THE TASK
Whatever appears in the entries must be given again exactly.

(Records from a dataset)
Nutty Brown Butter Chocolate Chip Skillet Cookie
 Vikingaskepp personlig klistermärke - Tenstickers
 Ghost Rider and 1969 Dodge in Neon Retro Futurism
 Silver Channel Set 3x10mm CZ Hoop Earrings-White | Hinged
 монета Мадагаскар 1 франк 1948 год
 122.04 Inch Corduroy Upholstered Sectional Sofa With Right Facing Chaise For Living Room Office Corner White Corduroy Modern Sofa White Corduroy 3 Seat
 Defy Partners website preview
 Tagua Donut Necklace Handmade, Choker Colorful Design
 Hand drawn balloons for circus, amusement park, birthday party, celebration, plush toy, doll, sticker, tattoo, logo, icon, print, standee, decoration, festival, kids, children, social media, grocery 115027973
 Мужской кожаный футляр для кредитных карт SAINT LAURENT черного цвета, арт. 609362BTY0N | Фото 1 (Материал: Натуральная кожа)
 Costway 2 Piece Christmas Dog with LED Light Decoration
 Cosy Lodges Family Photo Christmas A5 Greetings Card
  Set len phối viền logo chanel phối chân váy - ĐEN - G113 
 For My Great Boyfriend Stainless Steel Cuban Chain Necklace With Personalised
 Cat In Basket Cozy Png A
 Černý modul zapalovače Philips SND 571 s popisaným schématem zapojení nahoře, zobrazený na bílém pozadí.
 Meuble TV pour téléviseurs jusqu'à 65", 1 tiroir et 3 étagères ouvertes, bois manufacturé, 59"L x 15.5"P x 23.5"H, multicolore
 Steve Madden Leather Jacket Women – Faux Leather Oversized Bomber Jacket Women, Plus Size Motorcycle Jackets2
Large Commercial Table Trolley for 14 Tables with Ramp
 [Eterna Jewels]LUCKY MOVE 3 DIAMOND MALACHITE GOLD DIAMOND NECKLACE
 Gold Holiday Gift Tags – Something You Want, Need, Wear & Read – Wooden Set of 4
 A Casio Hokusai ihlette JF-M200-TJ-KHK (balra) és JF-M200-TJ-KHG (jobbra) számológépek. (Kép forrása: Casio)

PROBLEM SOLUTION
Nutty Brown Butter Chocolate Chip Skillet Cookie
 Vikingaskepp personlig klistermärke - Tenstickers
 Ghost Rider and 1969 Dodge in Neon Retro Futurism
 Silver Channel Set 3x10mm CZ Hoop Earrings-White | Hinged
 монета Мадагаскар 1 франк 1948 год
 122.04 Inch Corduroy Upholstered Sectional Sofa With Right Facing Chaise For Living Room Office Corner White Corduroy Modern Sofa White Corduroy 3 Seat
 Defy Partners website preview
 Tagua Donut Necklace Handmade, Choker Colorful Design
 Hand drawn balloons for circus, amusement park, birthday party, celebration, plush toy, doll, sticker, tattoo, logo, icon, print, standee, decoration, festival, kids, children, social media, grocery 115027973
 Мужской кожаный футляр для кредитных карт SAINT LAURENT черного цвета, арт. 609362BTY0N | Фото 1 (Материал: Натуральная кожа)
 Costway 2 Piece Christmas Dog with LED Light Decoration
 Cosy Lodges Family Photo Christmas A5 Greetings Card
  Set len phối viền logo chanel phối chân váy - ĐEN - G113 
 For My Great Boyfriend Stainless Steel Cuban Chain Necklace With Personalised
 Cat In Basket Cozy Png A
 Černý modul zapalovače Philips SND 571 s popisaným schématem zapojení nahoře, zobrazený na bílém pozadí.
 Meuble TV pour téléviseurs jusqu'à 65", 1 tiroir et 3 étagères ouvertes, bois manufacturé, 59"L x 15.5"P x 23.5"H, multicolore
 Steve Madden Leather Jacket Women – Faux Leather Oversized Bomber Jacket Women, Plus Size Motorcycle Jackets2
Large Commercial Table Trolley for 14 Tables with Ramp
 [Eterna Jewels]LUCKY MOVE 3 DIAMOND MALACHITE GOLD DIAMOND NECKLACE
 Gold Holiday Gift Tags – Something You Want, Need, Wear & Read – Wooden Set of 4
 A Casio Hokusai ihlette JF-M200-TJ-KHK (balra) és JF-M200-TJ-KHG (jobbra) számológépek. (Kép forrása: Casio)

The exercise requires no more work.